More than 20 years after it first ran at the Hampstead Theatre, Terry Johnson’s comedy Dead Funny has now been revived for a limited run at its original 1994 West End home of the Vaudeville Theatre. It follows the lives of five friends, four of whom belong to the ‘Dead Funny Society’: a group dedicated to following celebrated comedians.
Eleanor longs to have a baby, but her husband Richard claims he would rather live a celibate life & doesn’t want to be touched. Lisa & Nick have started a family, but their relationship is also facing problems. Brian’s mother has recently died, leaving him alone – with only the Dead Funny Society for comfort & company. When they find out that legendary comic Benny Hill has died, a gathering to commemorate his passing brings all of their troubles out into the open…
The story is set in 1992, and all of the action takes place in Richard & Eleanor’s living room. Richard Kent’s design is meticulous in its detail; the living room is the focal point, but it still has the feel of a real home, thanks to the hallway & staircase in the background, and the window at the side letting ‘natural’ light in.
The set doesn’t change for the duration of the play, so it is curious that there are lengthy transitions between scenes.
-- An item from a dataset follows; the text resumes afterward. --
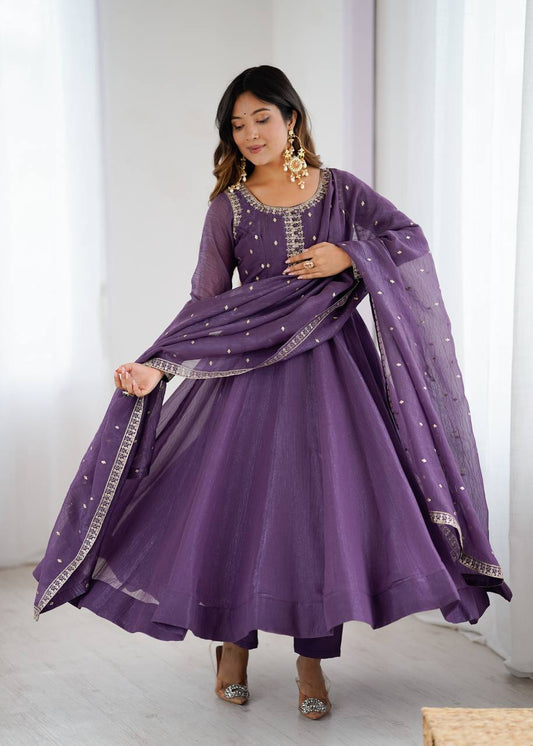 Womens Wear Crunchy Silk Purple Anarkali Gown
Thankfully there is only one in each act, however they are long & laboured enough for the audience to get bored & start talking – consequently, when everything is finally ready for the next part, it can’t start as snappily as the director (also Johnson) presumably hoped. The pacing & balance of the show in general is a bit off. For one thing, it just starts to feel like it’s going somewhere when the curtain falls for the interval – it does create a little bit of a cliffhanger, but it feels a bit awkward when the second act picks up immediately from where it left off. Most of the big laughs come in the first act and, though there are some surprises along the way, everything plays out quite predictably.
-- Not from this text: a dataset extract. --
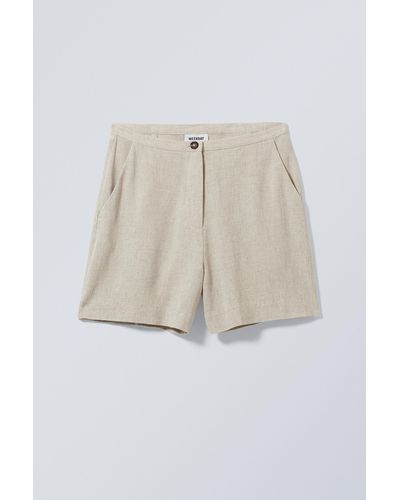 Weekday Kit Linen Mix Shorts - Multicolour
It also doesn’t seem clear what the play is trying to achieve. Is it about celebrating past great comics? Is it about telling an important story? In trying to celebrate, it often seems like emulation – as well as most of the funnier second act moments being recycled material (the members copying their idols) that is a bit out of place. Any important storyline is a bit lost in the midst of the farce the show descends into. Comedy & tragedy do often sit well together, it’s true, but the styles need to be compatible. For me, slapstick & innuendo don’t fit with Eleanor’s story, the central plot of the piece. Made even more apparent with her as the only non-member of the society in the play.
Whilst the jury’s out on the material, the performances from the entire cast are excellent.
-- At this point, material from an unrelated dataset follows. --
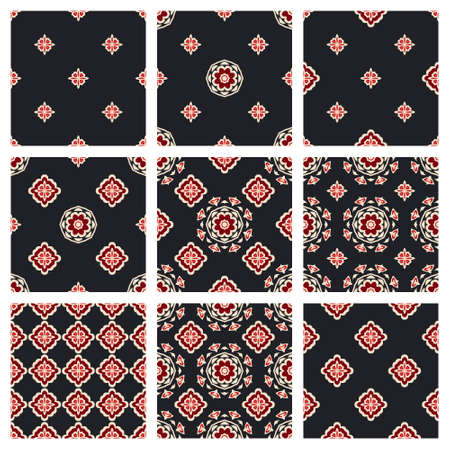 The set of patterns textile design collection for fabric and carpet covers. Classic luxury ornamentsのイラスト素材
Ralf Little & Emily Berrington work well together as Nick & Lisa (the latter certainly living up to a line from Nick about her voice being annoying); their bickering is a good source of laughs. Little’s impersonations of the comics they idolise are spot on – as are those of co-star, Rufus Jones – though the inclusion of Mr Chow Mein is maybe questionable, given how of its time that routine is. He makes a good fist of it, nonetheless.
Steve Pemberton as Brian is a brilliant gooseberry, excelling at arriving at inopportune moments – in particular at the end of the first act. Rufus Jones is wonderfully self-centred as Richard, and bares much more than expected at a very early stage of the show…
Katherine Parkinson is, without doubt, one of our finest comedic actresses. She has impeccable timing, with incredible reactions to what’s going on around her. On top of that, Parkinson brings a great amount of integrity to Eleanor’s story – any sense of believability is down to her performance.
My verdict? A bit of a mixed bag that fantastic performances don’t always manage to save – quite funny, but definitely not dead funny.